Kudret Özersay son günlere damgasını vuran ve medyada tartışılan hatta yönetim kurulunun istifasına neden olan Kooperatif Merkez Bankası konusunu gündeme taşıdı. Bana göre çok da iyi etti.

Ancak ben gümdeme getirilen Kooperatif Merkez Bankası ile ilgili iddialar ne kadar haklı ne kadar haksız? Ben bunu tartışacak değilim. Ancak şu bilinmelidir ki Ülkemizde en iyi kalkınma modeli kooperatifleşme ile olur. Yıllar önce İngiliz yönetiminde her iki toplumun Rum ve Türk ayakta durabilmelerinin en büyük nedeni kooperatifçilikti.

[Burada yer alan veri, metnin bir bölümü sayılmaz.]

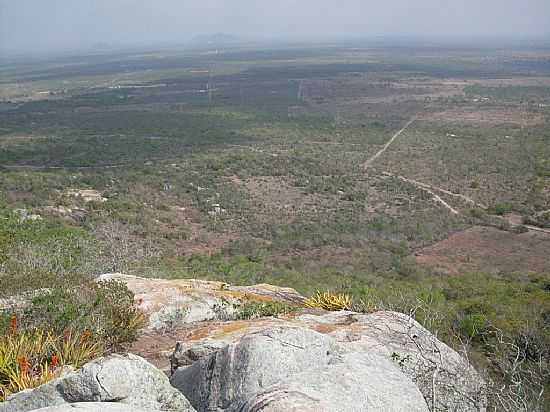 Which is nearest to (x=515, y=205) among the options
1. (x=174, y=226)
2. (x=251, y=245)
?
(x=251, y=245)

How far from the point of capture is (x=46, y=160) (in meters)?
49.5

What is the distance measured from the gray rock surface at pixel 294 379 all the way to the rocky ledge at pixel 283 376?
10mm

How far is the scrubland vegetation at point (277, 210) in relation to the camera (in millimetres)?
9922

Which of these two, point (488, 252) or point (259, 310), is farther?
point (488, 252)

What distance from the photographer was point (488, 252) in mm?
26844

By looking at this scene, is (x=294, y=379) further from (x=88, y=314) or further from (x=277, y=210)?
(x=277, y=210)

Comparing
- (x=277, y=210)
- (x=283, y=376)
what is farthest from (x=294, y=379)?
(x=277, y=210)

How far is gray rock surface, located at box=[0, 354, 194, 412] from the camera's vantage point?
510 centimetres

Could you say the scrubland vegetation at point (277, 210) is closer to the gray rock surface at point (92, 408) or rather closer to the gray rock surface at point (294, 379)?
the gray rock surface at point (294, 379)

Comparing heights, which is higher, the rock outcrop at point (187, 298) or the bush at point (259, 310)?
the bush at point (259, 310)

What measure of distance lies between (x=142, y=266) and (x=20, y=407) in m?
13.4


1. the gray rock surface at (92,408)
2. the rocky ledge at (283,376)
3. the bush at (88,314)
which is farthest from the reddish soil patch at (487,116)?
the gray rock surface at (92,408)

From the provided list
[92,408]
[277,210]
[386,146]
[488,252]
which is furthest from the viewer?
[386,146]

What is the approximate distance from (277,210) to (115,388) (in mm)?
28975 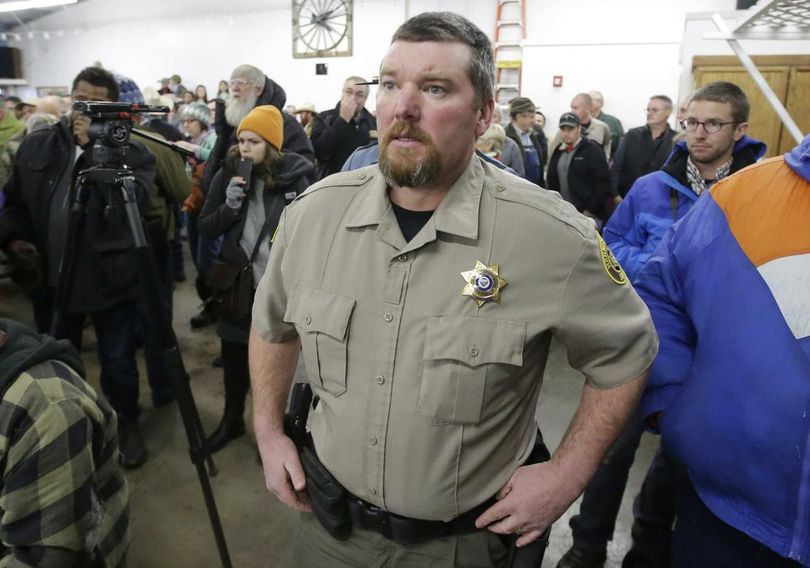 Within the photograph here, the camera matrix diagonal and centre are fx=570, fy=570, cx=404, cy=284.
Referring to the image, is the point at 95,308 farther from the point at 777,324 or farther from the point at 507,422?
the point at 777,324

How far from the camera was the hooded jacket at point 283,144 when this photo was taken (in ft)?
10.6

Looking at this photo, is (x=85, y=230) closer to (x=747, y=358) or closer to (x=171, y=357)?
(x=171, y=357)

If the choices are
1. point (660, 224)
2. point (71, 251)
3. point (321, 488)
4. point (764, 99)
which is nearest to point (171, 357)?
point (71, 251)

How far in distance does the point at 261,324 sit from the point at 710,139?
1674 millimetres

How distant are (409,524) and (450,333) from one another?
0.40m

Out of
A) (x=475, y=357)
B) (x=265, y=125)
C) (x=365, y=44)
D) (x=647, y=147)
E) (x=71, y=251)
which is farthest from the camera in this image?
(x=365, y=44)

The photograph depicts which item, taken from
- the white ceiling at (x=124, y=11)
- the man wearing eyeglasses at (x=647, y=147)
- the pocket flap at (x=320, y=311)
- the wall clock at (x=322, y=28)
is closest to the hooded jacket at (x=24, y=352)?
the pocket flap at (x=320, y=311)

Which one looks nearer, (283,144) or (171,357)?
(171,357)

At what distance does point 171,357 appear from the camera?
1.86 metres

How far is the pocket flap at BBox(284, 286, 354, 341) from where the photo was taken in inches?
44.4

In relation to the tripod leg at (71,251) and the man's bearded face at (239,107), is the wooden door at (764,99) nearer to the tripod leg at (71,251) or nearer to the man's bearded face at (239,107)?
the man's bearded face at (239,107)

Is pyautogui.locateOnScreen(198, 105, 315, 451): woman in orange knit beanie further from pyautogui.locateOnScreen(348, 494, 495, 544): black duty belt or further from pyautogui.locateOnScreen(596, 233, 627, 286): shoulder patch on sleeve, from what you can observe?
pyautogui.locateOnScreen(596, 233, 627, 286): shoulder patch on sleeve

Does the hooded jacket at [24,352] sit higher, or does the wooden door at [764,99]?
the wooden door at [764,99]

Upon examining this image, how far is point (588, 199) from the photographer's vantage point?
4531 millimetres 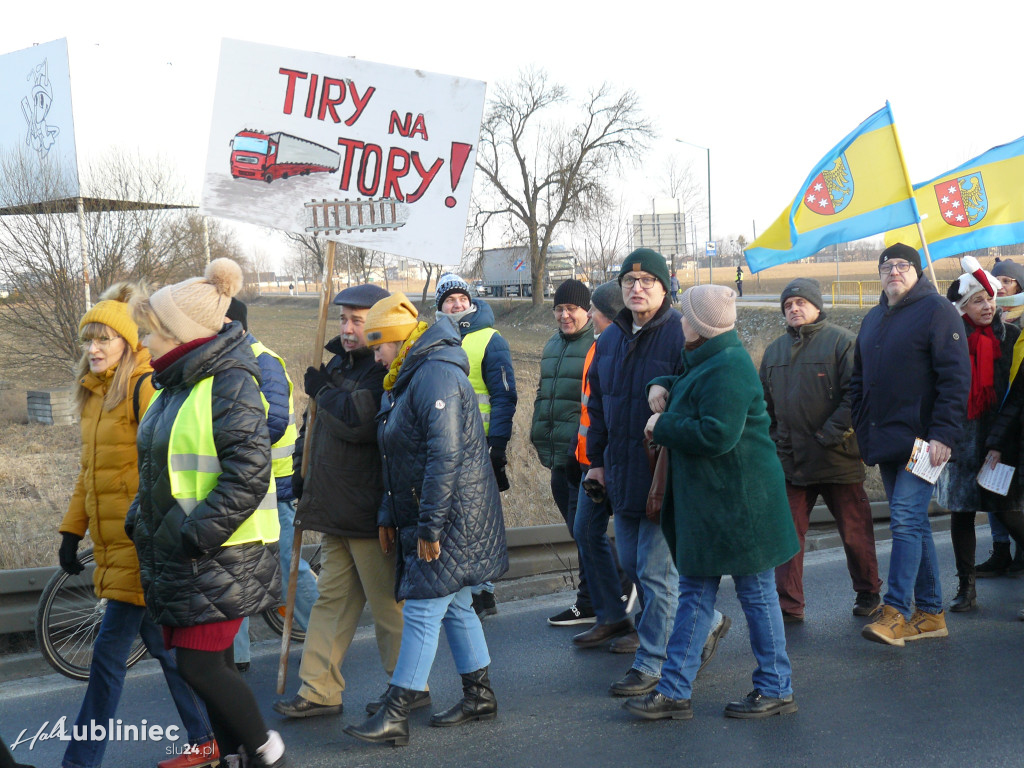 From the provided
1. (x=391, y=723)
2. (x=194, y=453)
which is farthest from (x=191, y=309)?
(x=391, y=723)

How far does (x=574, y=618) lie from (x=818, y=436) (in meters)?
1.88

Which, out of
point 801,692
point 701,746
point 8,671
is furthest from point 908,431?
point 8,671

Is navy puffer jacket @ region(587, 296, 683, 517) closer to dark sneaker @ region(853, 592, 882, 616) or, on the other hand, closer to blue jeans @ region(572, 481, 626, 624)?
blue jeans @ region(572, 481, 626, 624)

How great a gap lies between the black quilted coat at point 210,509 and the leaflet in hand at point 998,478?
14.6 ft

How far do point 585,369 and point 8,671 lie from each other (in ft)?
12.0

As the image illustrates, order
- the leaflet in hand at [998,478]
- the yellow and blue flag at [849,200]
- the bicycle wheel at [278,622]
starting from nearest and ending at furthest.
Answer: the bicycle wheel at [278,622]
the leaflet in hand at [998,478]
the yellow and blue flag at [849,200]

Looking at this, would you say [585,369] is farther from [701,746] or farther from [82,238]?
[82,238]

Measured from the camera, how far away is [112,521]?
3.99 meters

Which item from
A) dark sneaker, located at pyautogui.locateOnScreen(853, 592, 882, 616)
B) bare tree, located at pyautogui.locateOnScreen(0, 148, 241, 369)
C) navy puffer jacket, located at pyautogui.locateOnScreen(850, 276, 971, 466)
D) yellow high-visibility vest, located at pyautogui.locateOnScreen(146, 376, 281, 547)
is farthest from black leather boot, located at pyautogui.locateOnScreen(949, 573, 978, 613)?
bare tree, located at pyautogui.locateOnScreen(0, 148, 241, 369)

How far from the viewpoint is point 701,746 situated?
406 centimetres

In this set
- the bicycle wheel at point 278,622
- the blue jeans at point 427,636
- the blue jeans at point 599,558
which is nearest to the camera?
the blue jeans at point 427,636

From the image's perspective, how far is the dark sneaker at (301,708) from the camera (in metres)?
4.46

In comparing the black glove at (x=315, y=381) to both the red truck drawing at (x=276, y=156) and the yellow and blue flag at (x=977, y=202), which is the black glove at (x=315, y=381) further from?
the yellow and blue flag at (x=977, y=202)

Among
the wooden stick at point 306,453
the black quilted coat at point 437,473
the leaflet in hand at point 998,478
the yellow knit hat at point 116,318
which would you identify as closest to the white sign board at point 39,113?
the wooden stick at point 306,453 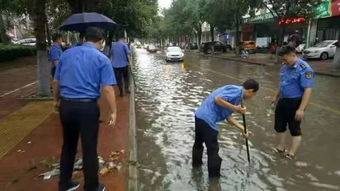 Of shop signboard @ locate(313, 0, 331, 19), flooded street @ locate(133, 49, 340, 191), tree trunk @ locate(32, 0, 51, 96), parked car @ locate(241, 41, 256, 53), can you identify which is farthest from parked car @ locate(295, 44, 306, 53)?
tree trunk @ locate(32, 0, 51, 96)

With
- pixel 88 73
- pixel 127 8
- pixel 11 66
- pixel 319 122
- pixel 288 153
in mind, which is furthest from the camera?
pixel 127 8

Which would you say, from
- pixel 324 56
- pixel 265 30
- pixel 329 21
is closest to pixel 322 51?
pixel 324 56

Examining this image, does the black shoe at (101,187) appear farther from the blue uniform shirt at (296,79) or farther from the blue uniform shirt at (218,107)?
the blue uniform shirt at (296,79)

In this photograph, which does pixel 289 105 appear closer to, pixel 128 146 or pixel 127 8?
pixel 128 146

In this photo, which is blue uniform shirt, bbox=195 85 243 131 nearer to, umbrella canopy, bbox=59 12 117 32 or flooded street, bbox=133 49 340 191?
flooded street, bbox=133 49 340 191

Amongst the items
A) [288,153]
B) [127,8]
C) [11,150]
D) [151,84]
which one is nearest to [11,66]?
[127,8]

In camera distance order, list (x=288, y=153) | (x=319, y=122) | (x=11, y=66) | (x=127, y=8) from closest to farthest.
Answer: (x=288, y=153) < (x=319, y=122) < (x=11, y=66) < (x=127, y=8)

1974 sonrası kuzeye taşınan köylerde de bu kooperatifçilik sistemi yürütüldü, Ancak maalesef Ziya Müezzinoğlu tarafından getirilen ekonomik model Kooperatifçiliğe değil KİT’lere ve Kurum’lara dayandırılmak suretiyle köy kooperatiflerinin fonksiyonunu azalttı. Ancak birçok yerleşim köyümüz Kooperatifçilikteki başarısını sürdürdü.

Yönetime gelen Hükumetlerimiz üleşim ve ve menfaat dağıtma peşine düşerek Kooperatifçiliği ihmal ettiler hatta önlerinde engel gördüler.

Her şeyi onlar yönetmeliydiler. Bu karışıklık içinde 1983 yılına gelindiğinde siyasilerin yani Hükümetin istemediği birisi Mustafa Hacıahmet Kooperatilerin oyu ile Yönetim Kurulu başkanı seçildi. Bunu Hükümetin başı hazmedemedi ve fasıl 114’de bir değişiklik yaparak özerk Kooperatiş işleri dairesini Başbakanlığa bağladı. Hemen arkasından da Kooperetif Merkez Bankası Yönetim kurulunu Bakanlar Kurulu kararı ile görevden alarak yerine Kayyum olarak Kooperatif işleri dairesi Müdürünü atadı, kurul üyeliklerine de kendi partililerini atayarak yeni bir yönetim oluşturdu.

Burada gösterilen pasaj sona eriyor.